Après le nazisme, le libéralisme est à l'ouvre, il est assurément plus impitoyable dans la mesure où il réduit l'acte à sa valeur marchande dans un monde où la marge créative est aussi un espace de marketing. Le Collectif LZ a organisé une exposition de 2 minutes à 2 h 00 du matin pendant 8 jours, du 03 au 10 octobre 2011, intitulée De l'Art Dégénéré (1937) à l'Art Dégénérant (2011). L'exposition refuse les dispositifs coutumiers qui, dans une leur monstration ordonnée font apparaitre la mortifère vitrine de la chose. Une musique cloître les images dans un espace réduit où le visiteur peut découvrir à nouveau comment la lumière se transfère à l'image, comment à son tour le son devient illustration du processus vers le rien par une sorte de magma sonore. Les images projetées sur les murs de la cavité sont celles des oeuvres des artistes dégénérés. Elles viennent traverser ou caresser les toiles d'artistes locaux, jusqu'à en extraire un spectre lumineux qui prévalut à la construction de l'image élaborée. Les vidéos se succèdent pour assurer une série vers la réduction au rien. Jour 1 : L'Histoire comme ruine / Jour 2 : Du dégénéré au dégénérant / Jour 3 : Parcours oublié / Jour 4 : La dialectique du même / Jour 5 : Angoisse de l'ellipse / Jour 6 : Le panoptique du spectre / Jour 7 : Zoom sur le gisant / Jour 8 : Le rien comme manifeste.

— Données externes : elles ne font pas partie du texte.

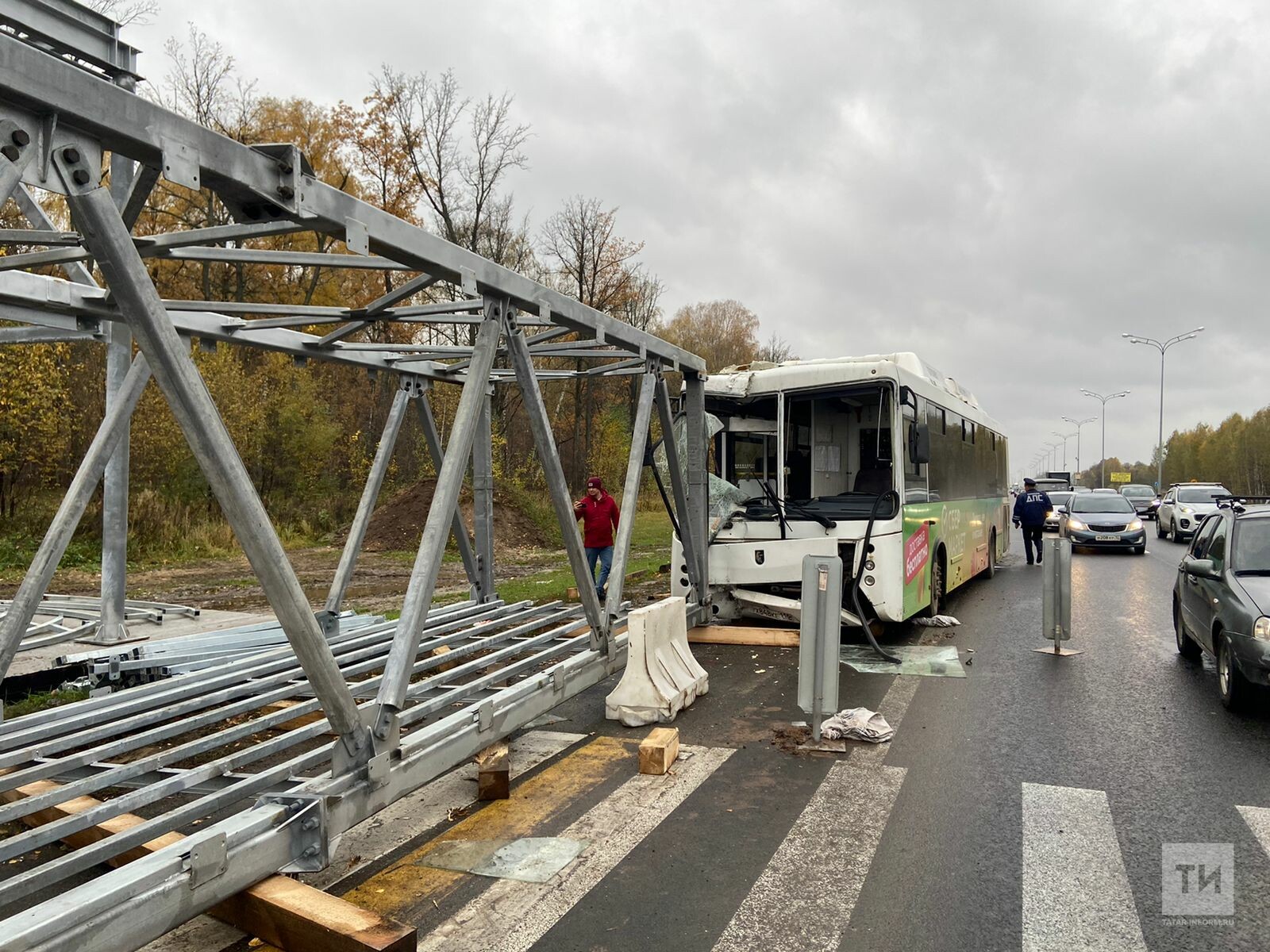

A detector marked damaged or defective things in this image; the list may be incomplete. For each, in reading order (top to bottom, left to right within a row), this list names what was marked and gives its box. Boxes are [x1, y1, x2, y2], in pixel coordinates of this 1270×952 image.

crashed bus [670, 354, 1010, 628]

Une citation de Friedrich Nietzsche pour éclairer : « Nous ne possédons rien d'autre que des métaphores des choses, et qui ne correspondent absolument pas aux entités originelles », écrit-il dans Vérité et mensonge au sens extra-moral. Retour sur le processus qui ouvra à faire du monde un espace de réalité partagé, une très vaste métaphore. Chaque jour du 03 au 10 octobre, l'exposition évolue, donnant à voir moins. L'artiste soustrait au fur et à mesure des éléments pour ne plus rien exposer le dernier jour, une coque vide. La re-création du monde à l'envers, un remake du Big Bang pour interroger la création. Le texte entendu au cours de l'exposition du dernier jour évoque l'indicible : « 09, rendre visible le silence / être encore loin de ce qu'on veut montrer ; montrer l'invisible». Trop ou pas assez visible ; ce qui est à voir est entre les deux mais conduit l'artiste a toujours poursuivre sa quête. L'indicible est en jeu dans l'ensemble de l'exposition, cherchant à faire surgir ce qui est perdu dans la tentative artistique, ce qui est entrevu dans les glissements de 1937 à 2011, ce qui est dérobé dans les frottements de la lecture du monde... L'artiste propose alors un lieu qui autorise à extorquer quelque chose du réel, par une expérience de l'effondrement. Dégénéré 1937, donc ça c'est fait. Dégénérant 2011, c'est en train de se faire sur la génération actuelle, mais dégénérant quoi ? Ou se dégénérant lui-même ? Les deux, mon colonel. L'exposition du Collectif LZ rend le rien, le pas encore métaphorisé mais qui dans le même mouvement propose une autocritique, soulignant la défaite du projet artistique et l'extinction de l'artiste. Cette double installation visuelle et sonore cristallise l'écroulement de l'acte créatif.